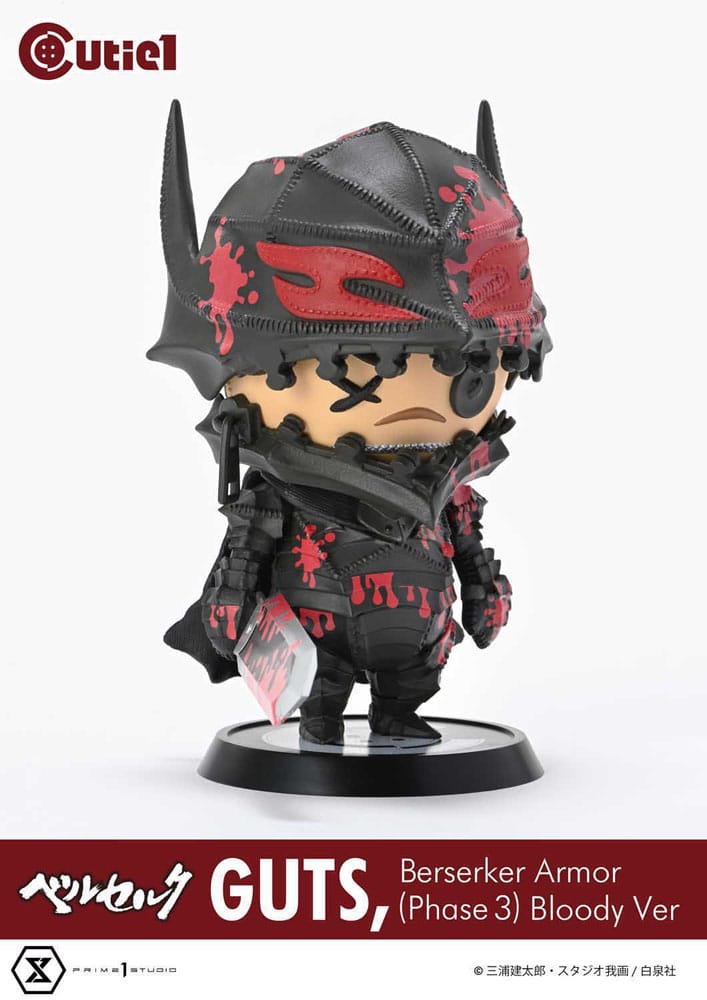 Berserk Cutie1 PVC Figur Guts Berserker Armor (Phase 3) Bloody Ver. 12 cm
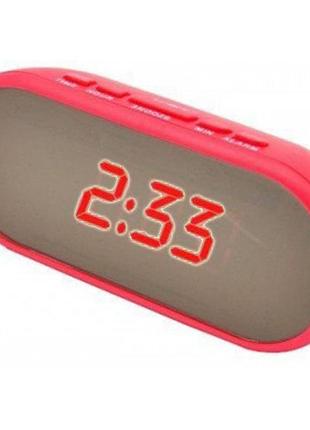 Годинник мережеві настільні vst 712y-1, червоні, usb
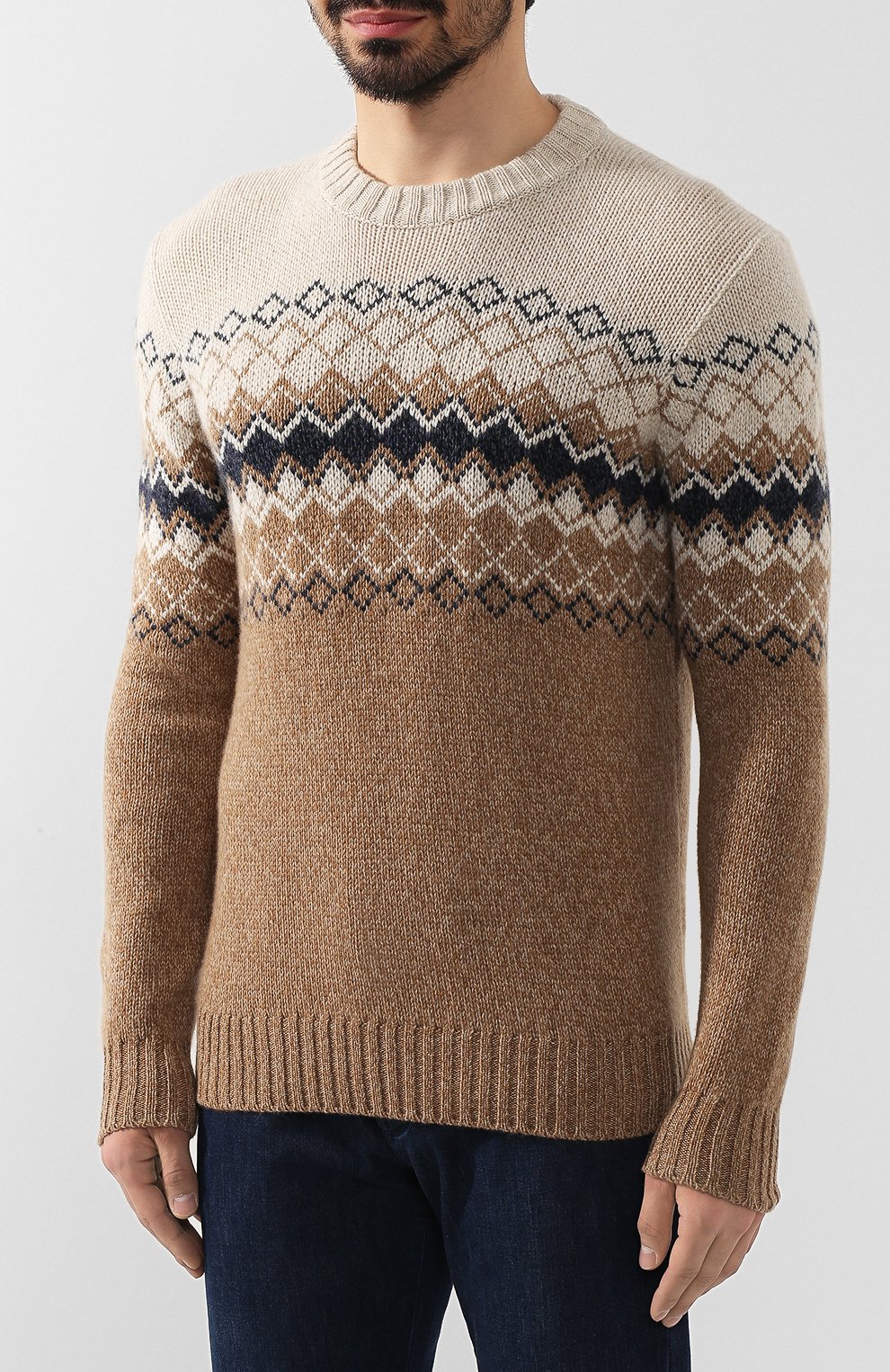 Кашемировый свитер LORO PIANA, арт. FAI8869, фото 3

==

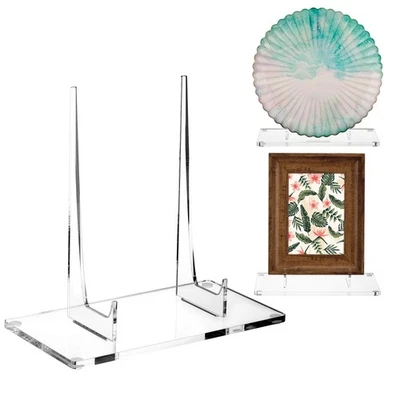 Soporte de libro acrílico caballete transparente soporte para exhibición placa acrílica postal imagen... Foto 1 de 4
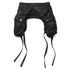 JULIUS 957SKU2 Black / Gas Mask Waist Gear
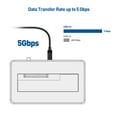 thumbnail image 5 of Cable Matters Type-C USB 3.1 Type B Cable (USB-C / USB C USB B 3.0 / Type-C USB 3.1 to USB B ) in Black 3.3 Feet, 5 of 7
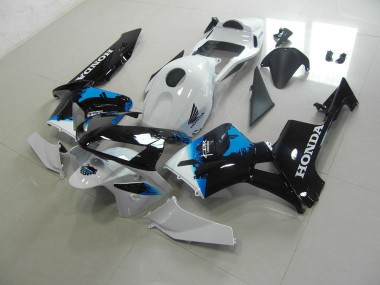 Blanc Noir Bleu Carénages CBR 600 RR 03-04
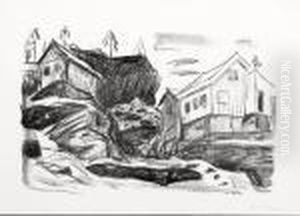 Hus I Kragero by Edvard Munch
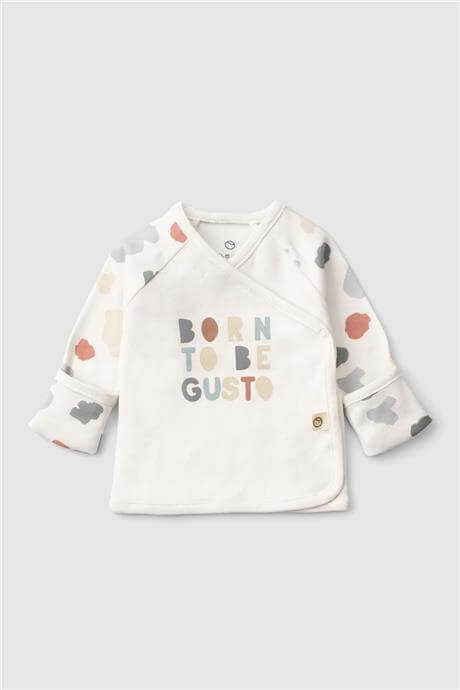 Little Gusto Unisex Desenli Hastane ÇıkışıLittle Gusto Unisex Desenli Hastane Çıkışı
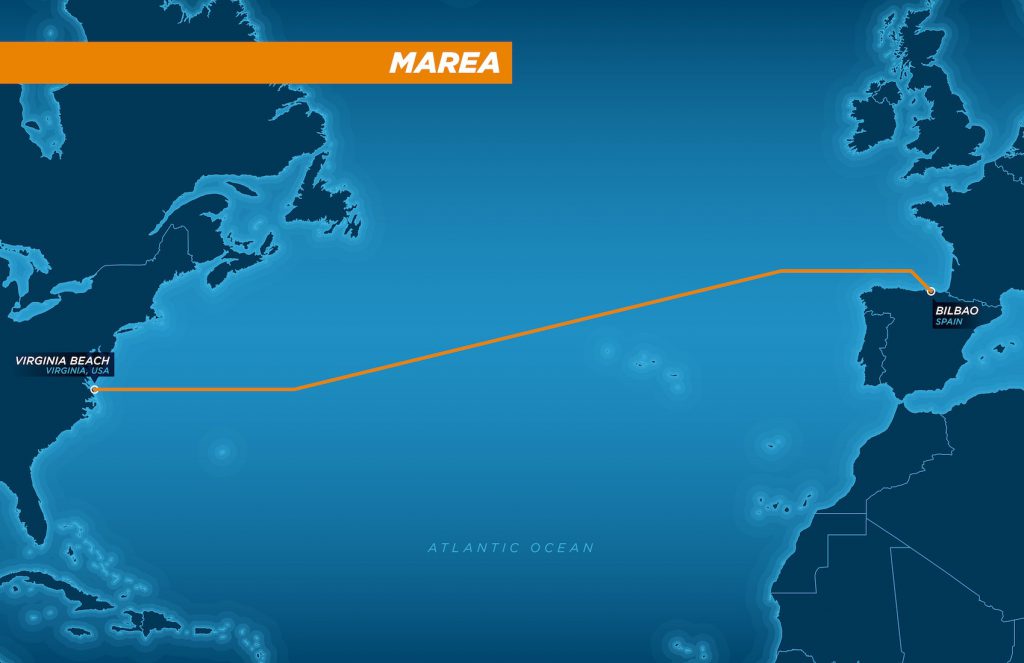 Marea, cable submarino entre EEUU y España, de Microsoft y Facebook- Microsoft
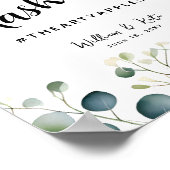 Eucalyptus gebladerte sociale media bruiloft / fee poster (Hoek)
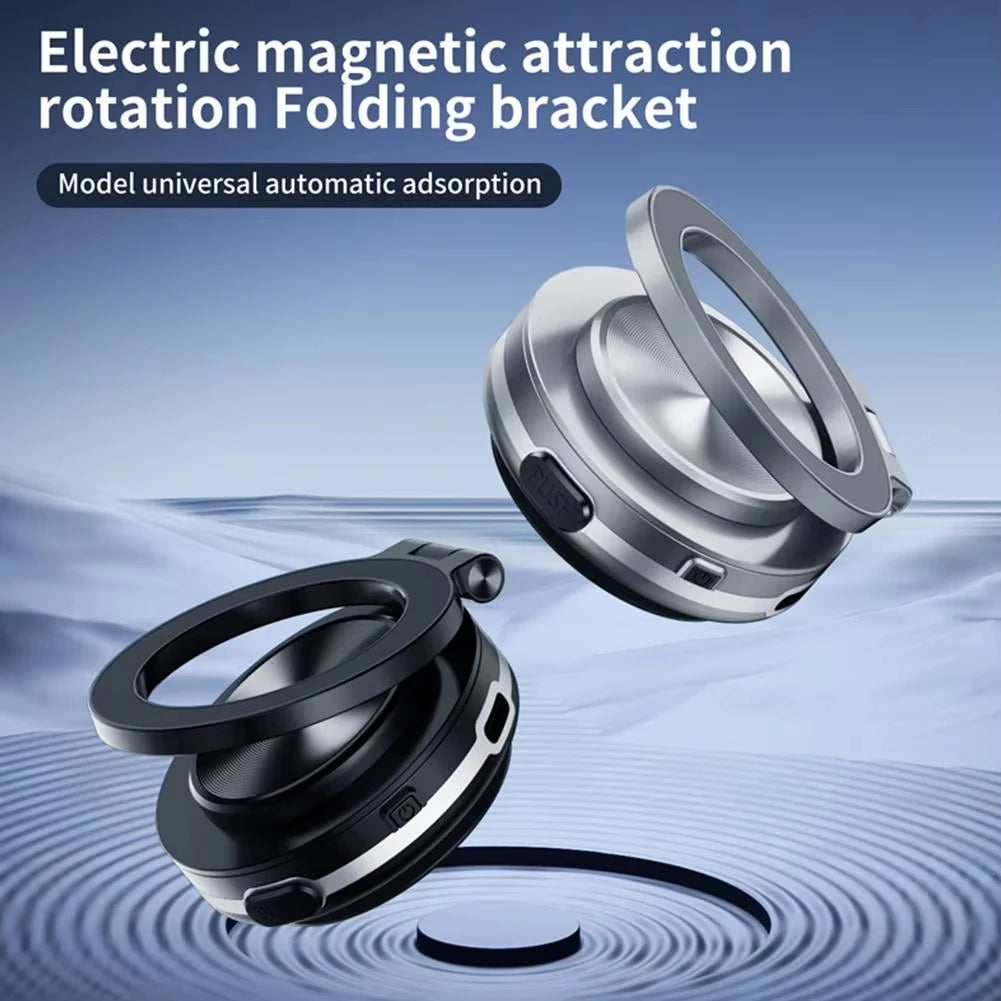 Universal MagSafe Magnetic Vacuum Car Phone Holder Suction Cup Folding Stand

Your goal
What should come back is an exact copy of the lines above from the line with "Marea, cable submarino" to the line with "Universal MagSafe Magnetic", both included, minus the pictures.

Worked solution
 Marea, cable submarino entre EEUU y España, de Microsoft y Facebook- Microsoft
 Eucalyptus gebladerte sociale media bruiloft / fee poster (Hoek)
 Universal MagSafe Magnetic Vacuum Car Phone Holder Suction Cup Folding Stand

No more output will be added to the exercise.